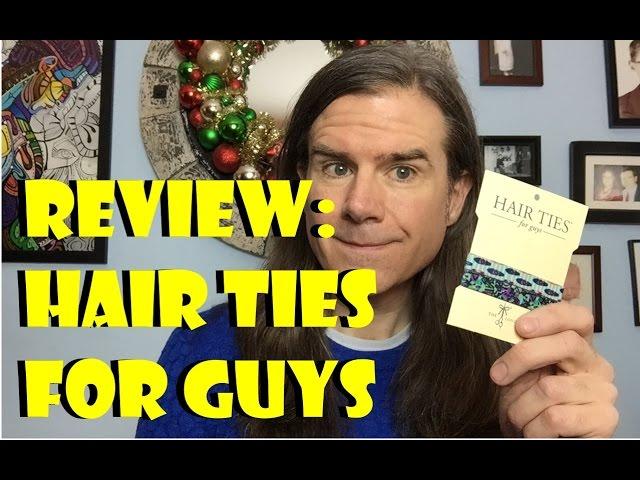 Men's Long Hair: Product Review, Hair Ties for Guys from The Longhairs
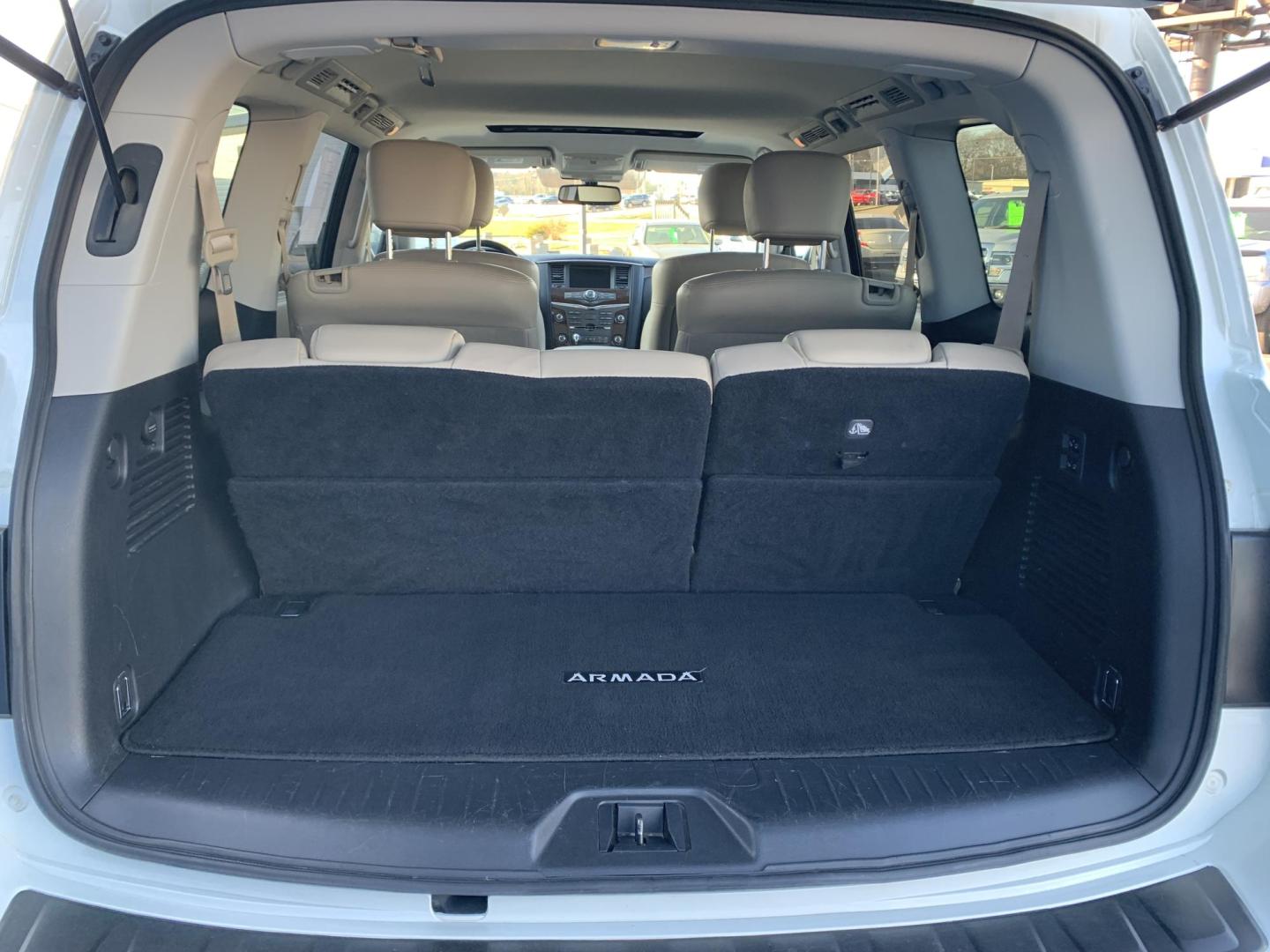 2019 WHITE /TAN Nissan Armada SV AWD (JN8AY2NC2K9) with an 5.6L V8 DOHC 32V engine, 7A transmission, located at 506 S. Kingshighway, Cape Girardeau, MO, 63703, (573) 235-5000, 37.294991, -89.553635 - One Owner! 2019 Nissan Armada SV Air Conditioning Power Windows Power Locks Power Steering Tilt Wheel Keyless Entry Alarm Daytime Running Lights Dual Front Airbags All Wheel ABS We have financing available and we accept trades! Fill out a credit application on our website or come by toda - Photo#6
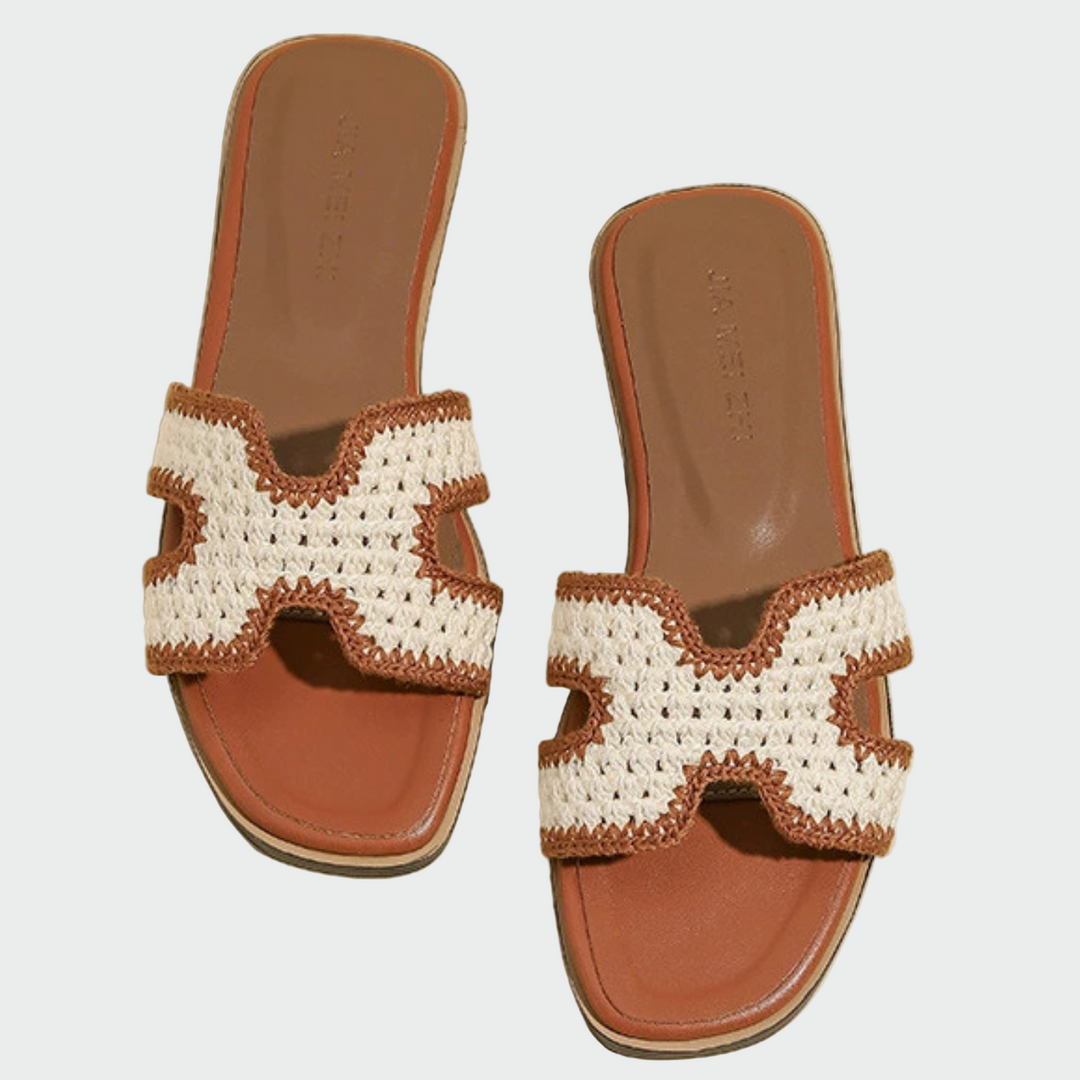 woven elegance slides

◇ ◇ ◇

> [EXERCISE]:
Your answer must be an exact copy of the listing, with every picture omitted.

> [COMPLETED EXERCISE]:
 Men's Long Hair: Product Review, Hair Ties for Guys from The Longhairs
 2019 WHITE /TAN Nissan Armada SV AWD (JN8AY2NC2K9) with an 5.6L V8 DOHC 32V engine, 7A transmission, located at 506 S. Kingshighway, Cape Girardeau, MO, 63703, (573) 235-5000, 37.294991, -89.553635 - One Owner! 2019 Nissan Armada SV Air Conditioning Power Windows Power Locks Power Steering Tilt Wheel Keyless Entry Alarm Daytime Running Lights Dual Front Airbags All Wheel ABS We have financing available and we accept trades! Fill out a credit application on our website or come by toda - Photo#6
 woven elegance slides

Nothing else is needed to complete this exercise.